Beyond listing these, I am uncertain about what action-guiding advice there is here.


4. Memetics

How can one ensure that people successfully communicate things like: the existence of prizes, good strategies and heuristics for prize work, promising prize workers, norms and best practices for prize design, etc.?

As with selection effects, there are likely several adverse effects that memetics have on a prize (for example, messages will tend to lose nuance when being shared between many people, as there are more ways to misunderstand a claim than to understand it); and it might be hard to deliberately intervene to prevent them.

“Memeifying” prizes/creating a conceptual handle

Having a simple name for something enables the difference between:

Without meme

Alice: “Hey, you seem pretty well off lately, but I haven’t noticed you getting a job or anything? What happened?”

Bob: “Oh, it’s because of [20 minute explanation of the ideas behind having a market for impact via prizes]”

And

With meme

Alice: “Hey, you seem pretty well off lately, but I haven’t noticed you getting a job or anything? What happened?”

Bob: “Yeah, I did some cognitive prize work!”

Using this conceptual handle, Alice can now quickly ask other friends “Do you know anything about how to be successful at ‘cognitive prize work’?”, she can easily Google or search her favourite blogs for posts about “cognitive prize work”, and more.

For a real life example, Wei Dai writes:

For both of the AI alignment related bounties, when a friend or acquaintance asks me about my "work", I can now talk about these prize that I recently won, which sounds a lot cooler than "oh, I participate on this online discussion forum". :)

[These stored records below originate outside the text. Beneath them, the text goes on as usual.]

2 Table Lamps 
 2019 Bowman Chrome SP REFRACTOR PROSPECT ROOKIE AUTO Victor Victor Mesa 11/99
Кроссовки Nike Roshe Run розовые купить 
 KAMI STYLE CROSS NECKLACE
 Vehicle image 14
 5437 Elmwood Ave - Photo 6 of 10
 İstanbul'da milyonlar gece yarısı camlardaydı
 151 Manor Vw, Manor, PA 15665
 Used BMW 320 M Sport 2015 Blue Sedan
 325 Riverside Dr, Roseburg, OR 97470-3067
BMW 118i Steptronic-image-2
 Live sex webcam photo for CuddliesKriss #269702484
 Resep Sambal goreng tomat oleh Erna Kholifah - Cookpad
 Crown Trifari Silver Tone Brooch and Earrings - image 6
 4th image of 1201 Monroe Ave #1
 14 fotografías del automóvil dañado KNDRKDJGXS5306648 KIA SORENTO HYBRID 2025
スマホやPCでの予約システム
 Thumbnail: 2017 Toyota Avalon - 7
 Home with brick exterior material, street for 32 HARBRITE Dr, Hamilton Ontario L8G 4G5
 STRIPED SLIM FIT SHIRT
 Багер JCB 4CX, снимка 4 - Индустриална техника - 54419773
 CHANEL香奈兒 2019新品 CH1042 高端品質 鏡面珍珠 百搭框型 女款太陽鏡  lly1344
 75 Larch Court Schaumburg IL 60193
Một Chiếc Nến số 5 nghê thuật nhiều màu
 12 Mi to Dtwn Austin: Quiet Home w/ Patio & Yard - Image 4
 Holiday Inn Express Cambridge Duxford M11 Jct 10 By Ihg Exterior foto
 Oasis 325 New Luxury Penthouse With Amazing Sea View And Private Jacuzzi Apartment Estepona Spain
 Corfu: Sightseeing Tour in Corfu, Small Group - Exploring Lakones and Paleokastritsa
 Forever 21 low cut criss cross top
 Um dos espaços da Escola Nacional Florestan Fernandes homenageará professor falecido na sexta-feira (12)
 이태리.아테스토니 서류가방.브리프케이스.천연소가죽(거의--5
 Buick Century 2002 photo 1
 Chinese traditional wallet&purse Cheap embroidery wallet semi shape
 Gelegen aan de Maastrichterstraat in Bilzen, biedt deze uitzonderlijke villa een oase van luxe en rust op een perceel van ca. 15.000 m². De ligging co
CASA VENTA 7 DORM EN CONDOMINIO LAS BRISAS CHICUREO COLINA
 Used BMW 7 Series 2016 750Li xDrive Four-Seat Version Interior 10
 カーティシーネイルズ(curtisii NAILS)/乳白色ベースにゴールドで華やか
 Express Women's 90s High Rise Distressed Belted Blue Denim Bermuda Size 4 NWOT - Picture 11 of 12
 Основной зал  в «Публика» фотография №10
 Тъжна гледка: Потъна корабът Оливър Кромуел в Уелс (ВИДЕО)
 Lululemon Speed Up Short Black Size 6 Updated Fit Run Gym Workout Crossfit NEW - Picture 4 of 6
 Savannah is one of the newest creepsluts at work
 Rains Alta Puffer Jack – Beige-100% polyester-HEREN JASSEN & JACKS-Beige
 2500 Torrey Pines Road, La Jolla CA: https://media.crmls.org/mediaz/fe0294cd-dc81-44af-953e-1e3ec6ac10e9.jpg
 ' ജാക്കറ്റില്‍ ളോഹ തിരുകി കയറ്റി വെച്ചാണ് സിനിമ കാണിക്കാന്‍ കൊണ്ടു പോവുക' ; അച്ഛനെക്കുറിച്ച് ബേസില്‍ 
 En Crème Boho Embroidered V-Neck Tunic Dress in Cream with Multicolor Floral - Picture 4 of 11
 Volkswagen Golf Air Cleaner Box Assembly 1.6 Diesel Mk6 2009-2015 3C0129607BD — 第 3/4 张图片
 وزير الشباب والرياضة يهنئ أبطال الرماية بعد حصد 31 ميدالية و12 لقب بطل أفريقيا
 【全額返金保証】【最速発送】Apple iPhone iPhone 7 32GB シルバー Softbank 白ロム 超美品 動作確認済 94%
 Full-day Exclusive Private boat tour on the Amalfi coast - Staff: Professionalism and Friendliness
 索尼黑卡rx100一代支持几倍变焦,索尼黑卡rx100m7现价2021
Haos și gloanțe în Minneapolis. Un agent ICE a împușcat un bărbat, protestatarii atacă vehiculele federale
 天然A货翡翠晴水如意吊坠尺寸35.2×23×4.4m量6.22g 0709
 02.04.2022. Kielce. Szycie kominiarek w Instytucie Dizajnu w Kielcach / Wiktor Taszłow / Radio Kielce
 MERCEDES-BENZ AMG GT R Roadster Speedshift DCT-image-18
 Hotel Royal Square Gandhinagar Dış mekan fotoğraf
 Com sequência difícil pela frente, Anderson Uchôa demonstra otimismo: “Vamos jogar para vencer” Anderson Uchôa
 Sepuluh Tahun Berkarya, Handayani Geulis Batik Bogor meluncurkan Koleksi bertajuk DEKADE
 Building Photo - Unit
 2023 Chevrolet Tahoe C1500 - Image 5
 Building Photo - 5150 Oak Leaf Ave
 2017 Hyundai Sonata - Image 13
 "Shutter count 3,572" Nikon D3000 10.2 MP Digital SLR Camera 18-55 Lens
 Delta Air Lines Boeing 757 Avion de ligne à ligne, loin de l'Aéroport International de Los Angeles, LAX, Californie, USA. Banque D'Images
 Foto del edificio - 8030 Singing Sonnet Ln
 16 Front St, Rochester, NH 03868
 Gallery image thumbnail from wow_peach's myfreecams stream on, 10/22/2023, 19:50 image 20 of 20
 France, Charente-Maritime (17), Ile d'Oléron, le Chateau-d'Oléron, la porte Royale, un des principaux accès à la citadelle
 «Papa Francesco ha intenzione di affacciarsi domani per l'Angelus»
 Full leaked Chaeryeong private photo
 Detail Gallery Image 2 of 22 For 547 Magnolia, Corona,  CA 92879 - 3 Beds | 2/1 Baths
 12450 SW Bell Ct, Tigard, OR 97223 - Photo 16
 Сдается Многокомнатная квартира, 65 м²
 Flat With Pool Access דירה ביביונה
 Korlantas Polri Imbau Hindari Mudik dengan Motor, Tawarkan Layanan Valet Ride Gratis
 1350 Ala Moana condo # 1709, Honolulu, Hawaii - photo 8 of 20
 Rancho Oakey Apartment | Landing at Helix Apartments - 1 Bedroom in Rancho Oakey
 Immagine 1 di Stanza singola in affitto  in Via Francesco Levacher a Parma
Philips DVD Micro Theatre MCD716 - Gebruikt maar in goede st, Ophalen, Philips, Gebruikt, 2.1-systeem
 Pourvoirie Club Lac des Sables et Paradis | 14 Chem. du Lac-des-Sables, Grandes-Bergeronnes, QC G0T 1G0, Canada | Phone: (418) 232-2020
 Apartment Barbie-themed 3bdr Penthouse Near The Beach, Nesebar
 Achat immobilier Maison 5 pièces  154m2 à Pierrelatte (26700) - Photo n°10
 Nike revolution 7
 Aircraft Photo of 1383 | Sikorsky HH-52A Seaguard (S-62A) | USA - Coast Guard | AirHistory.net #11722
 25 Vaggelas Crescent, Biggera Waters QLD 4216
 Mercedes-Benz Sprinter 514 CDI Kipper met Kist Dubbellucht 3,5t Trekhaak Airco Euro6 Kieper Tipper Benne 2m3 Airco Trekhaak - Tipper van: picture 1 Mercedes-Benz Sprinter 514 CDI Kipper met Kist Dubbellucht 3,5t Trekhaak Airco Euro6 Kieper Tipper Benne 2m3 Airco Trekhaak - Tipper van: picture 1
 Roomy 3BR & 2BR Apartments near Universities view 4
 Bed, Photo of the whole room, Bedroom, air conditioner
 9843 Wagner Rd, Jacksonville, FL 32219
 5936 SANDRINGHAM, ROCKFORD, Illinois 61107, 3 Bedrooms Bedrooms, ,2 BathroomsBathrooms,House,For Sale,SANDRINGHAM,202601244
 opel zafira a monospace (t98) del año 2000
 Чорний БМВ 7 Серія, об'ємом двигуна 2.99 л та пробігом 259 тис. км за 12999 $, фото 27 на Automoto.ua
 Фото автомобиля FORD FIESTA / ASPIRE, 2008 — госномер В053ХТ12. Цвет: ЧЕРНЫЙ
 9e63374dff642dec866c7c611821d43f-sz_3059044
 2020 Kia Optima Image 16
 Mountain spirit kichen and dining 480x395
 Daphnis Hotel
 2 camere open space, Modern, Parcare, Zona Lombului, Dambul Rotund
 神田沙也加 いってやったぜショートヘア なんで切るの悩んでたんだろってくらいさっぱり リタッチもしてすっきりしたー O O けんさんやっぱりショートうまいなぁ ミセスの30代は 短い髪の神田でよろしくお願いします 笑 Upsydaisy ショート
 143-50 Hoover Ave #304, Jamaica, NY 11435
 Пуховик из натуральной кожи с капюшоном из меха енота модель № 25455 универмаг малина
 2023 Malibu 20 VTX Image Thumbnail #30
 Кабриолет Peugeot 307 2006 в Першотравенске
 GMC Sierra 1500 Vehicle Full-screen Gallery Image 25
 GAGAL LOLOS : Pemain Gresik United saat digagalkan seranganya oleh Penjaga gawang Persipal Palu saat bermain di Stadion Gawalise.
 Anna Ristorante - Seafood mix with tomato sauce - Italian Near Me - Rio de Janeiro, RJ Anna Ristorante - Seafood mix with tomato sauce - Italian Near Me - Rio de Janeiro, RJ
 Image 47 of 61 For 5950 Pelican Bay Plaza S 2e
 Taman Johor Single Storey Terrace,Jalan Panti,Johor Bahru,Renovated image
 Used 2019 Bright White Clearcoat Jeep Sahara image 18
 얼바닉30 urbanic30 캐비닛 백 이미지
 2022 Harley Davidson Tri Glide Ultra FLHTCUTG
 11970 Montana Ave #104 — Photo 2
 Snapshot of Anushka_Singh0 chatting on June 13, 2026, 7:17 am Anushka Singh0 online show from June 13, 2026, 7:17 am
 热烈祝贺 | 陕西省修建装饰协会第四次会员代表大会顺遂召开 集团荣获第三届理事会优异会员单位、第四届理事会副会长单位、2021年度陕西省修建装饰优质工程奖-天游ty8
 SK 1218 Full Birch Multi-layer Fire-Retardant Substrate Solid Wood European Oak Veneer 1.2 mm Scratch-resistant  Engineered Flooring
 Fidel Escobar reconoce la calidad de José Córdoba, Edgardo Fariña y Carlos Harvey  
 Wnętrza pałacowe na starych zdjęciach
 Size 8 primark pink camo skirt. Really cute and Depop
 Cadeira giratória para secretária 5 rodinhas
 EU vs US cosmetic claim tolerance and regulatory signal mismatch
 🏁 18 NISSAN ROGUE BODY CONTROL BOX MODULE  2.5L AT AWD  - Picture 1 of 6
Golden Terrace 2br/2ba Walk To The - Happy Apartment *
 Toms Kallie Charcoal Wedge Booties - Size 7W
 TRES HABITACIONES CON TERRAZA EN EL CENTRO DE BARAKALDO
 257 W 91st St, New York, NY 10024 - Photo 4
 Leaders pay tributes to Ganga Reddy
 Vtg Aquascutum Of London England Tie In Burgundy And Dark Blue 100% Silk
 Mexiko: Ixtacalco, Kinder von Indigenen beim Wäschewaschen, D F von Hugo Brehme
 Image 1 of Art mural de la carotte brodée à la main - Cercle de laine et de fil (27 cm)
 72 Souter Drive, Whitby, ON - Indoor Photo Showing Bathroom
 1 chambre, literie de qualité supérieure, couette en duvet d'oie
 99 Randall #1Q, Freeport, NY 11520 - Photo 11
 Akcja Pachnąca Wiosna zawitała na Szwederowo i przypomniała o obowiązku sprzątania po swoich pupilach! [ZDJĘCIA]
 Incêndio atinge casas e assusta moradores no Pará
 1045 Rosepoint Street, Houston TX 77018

Producing sharable material

Ensuring there is a key reference public write-up of memes one want to incentivise the spread of, e.g. what traits caused certain prize winners to receive their prizes (“X has the skill of being both brief and accurate”, “Y used a Guesstimate model in a helpful way”) as well as ongoing public discussion of the work (“Three things I did to improve as a prize worker”, “OpenPhil recommendations for aspiring prize workers”).